ATC Week Epilogue : “All-Time Comics : Zerosis Deathscape” #0

After giving you, dear readers — and myself! — a bit of a breather from all things “All-Time,” we’re back for one more round, this time putting the not-quite-first installment of “Season Two” of Josh and Samuel Bayer’s ongoing post-modern take on super-heroics under our metaphorical microscope, that being All -Time Comics : Zerosis Deathscape #0.

Direct “Bronze Age” call-backs are still here to be found, but you’ve gotta do a lot more digging for them as the brothers Bayer, along with new collaborator Josh Simmons and returning “usual suspects” Ken Landgraf and cover artist Das Patoras, have widened the scope of the project considerably, with the art and story this time most clearly hearkening back to the EC “hosted” horror comics of the 1950s, while the “zero issue” hustle is something straight outta the 1990s “speculator bubble” playbook.

The question, of course, is — are all of these changes for the best?

The project’s new publishing home, Floating World Comics, seems to think so, and while the complete tonal and stylistic 180 took me more than a moment to adjust to as a reader, truth be told I’m all for shattering expectations just as a matter of course. The scripting by the pair of Joshes is uneven, but keeps readers off-guard in just the right way, as narrator Time Vampire Scientist relates a story from the misty dawn of history that dovetails into what I presume to be a modern-day yarn (although the aesthetics and dialogue have a distinct Great Depression vibe to them) about a young lad who’s very nearly the victim of a shocking and harrowing crime, until he’s saved at the last moment when the scumbags who’ve set upon him are thwarted by a new (to us readers, at any rate) hero who calls himself The Red Maniac — and who’s decidedly un-heroic even by ATC  standards given that he’s middle-aged, out of shape, and barely able to hold his own in a fight.

How all this fits in with the reality-shattering dawn of something called the “Zeroverse” remains anyone’s guess, at this point, but I’m game to find out not just based on evidence offered in this “zero” issue, but because I’m damn excited about what’s coming next.

Or should that be who’s coming next? No offense intended to the art of misters Simmons and Landgraf — which is actually solid “retro” stuff that’s rich in detail and imaginatively laid out and presented — but the first issue proper sees the arrival of Trevor Von Eeden, one of the most groundbreaking and radical artists in DC’s 1980s stable, and someone who’s been absent from the comics scene for far too long. I’m absolutely fascinated to see how his style has changed and evolved over the decades, and to see how his always-remarkable visual storytelling skills play out in a contemporary comic (albeit one with a self-consciously nostalgic ethos).

I also have a tremendous amount of confidence in Simmons, who’s certainly one of the most distinctive voices in latter-day horror comics.

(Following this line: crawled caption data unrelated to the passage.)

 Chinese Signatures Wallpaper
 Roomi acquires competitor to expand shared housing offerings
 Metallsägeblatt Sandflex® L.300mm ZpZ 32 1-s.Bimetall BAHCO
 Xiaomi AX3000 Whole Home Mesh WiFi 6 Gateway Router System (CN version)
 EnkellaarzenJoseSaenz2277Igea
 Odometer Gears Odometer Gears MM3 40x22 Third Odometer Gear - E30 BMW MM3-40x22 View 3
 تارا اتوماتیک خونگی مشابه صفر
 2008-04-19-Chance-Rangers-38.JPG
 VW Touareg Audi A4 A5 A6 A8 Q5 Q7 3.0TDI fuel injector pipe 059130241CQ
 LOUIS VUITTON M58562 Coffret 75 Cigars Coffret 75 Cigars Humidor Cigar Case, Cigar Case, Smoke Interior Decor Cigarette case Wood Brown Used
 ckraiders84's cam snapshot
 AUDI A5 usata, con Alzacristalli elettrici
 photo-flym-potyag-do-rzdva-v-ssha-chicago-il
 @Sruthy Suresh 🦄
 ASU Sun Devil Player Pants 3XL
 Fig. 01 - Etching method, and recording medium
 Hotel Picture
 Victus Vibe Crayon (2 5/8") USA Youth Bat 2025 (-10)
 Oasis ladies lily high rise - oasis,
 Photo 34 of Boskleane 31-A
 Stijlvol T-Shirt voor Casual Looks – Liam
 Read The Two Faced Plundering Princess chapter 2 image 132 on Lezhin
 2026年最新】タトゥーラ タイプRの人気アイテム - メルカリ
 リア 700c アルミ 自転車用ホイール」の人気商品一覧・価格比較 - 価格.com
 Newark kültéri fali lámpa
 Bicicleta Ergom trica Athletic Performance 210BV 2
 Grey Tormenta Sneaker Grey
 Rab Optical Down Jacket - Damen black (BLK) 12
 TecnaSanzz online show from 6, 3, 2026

The sample size we’re offered here is a small one — in fact, there are nearly as many pages of backmatter in this comic as there are of story and art — but it’s enough to hook you, even if it’s not enough to give a clear idea of why. I still read enough single-issue “floppies” to accept this as par for the course in the opening salvos of any and almost every given series, so what the hell — I can go with it here, too, and know from experience that Bayer and Simmons are skilled and smart enough to pull disparate narrative threads together in fascinating and unexpected ways.

All of which is to say — All-Time Comics : Zerosis Deathscape  #0 fulfills the tasks laid out in its unwritten (and decidedly narrow) remit nicely, and does so with enough scattershot imagination to convince you that we’re probably in quite good hands here. Whether that faith is wisely placed or not is something that’ll be determined over the course of the next six issues.